When did the Germans begin to use radar directed blind fire against UNSEEN surface targets and against UNSEEN air targets? The word UNSEEN is key.
When did the Germans first fit radar receivers onto warships?
I had not seen this post before, so forgive me for the tardy reply.
They began using blind fire against surface targets by the fall of 1940 using the Calais B (coastal) Seetakt sets. May 1940 was when Radattel Peilung was introduced on the Series II models. Only with Radattel Peilung (a type of phased array scanning) or conventional lobe switching, could adequate bearing accuracy be obtained for blind fire. Previous Seetakt models aboard ship did not operate lobe switching. Some German destroyers were equipped with radar sets that had the capability by the autum of 1940, but I don't know when they actually used it. There is a battle report submitted by Erich Bey dated Nov 1940 that states that they used the radar sets for surface search and tracking but did not use it for fire control purposes (They withheld gun fire and tried a torpedo ambush of the enemy instead), so he could not report on the gun laying capabilities asked about.
Track charts within the documents reporting on the Scheer's attack on convoy HX84 on Nov 5 1940 show that the Scheer fired upon an unseen target for several minutes through a smoke screen and about 25 minutes after dark, from a range of ~20,000 meters.
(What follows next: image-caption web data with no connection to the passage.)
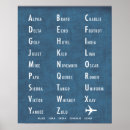 Buscar alfabeto fonético posters Militar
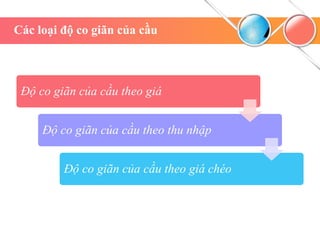 Các loại độ co giãn của cầu
Độ co giãn của cầu theo giá
Độ co giãn của cầu theo thu nhập
Độ co giãn của cầu theo giá chéo
 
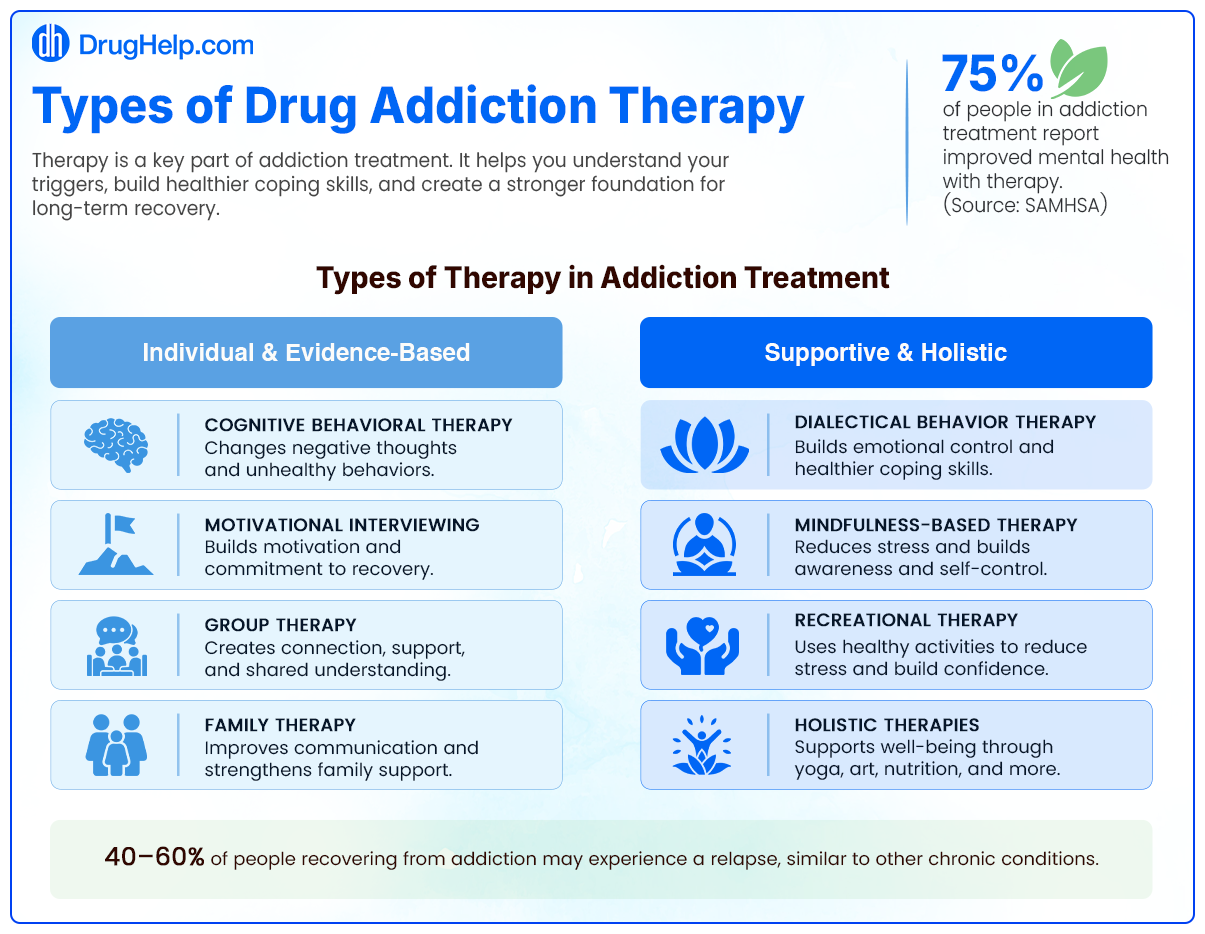 infographic on drug addiction therapy options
Prinz Eugen was equipped with a radar set during 1942 that could locate aircraft accurately enough for range, bearing, and elevation, all necessary to fire accurately at unseen aircraft. So not before then by a German warship that I have read, although Luetjens entered remarks into the fleet KTB about using radar to target aircraft by warships during 1941.
Helmuth Giessler reports that a special radar warning receiver was constructed for Bismarck by Group West before the operation, but he could not confirm that it was actually embarked. When Luetjens reported that Suffolk was shadowing by means of radar, Group West asked him to determine what frequencies the enemy radars were using. It seems strange that Group should ask him to do this, if he did not have equipment to do so.
By Oct 1941, photos of the Tirpitz, Scheer, ..ect show the standard radar warning receiver antennas such as the Sumatra antennas (bow ties), and the Timor array. These antennas were used with the standard Metox and Samos receivers (60cm -350cm).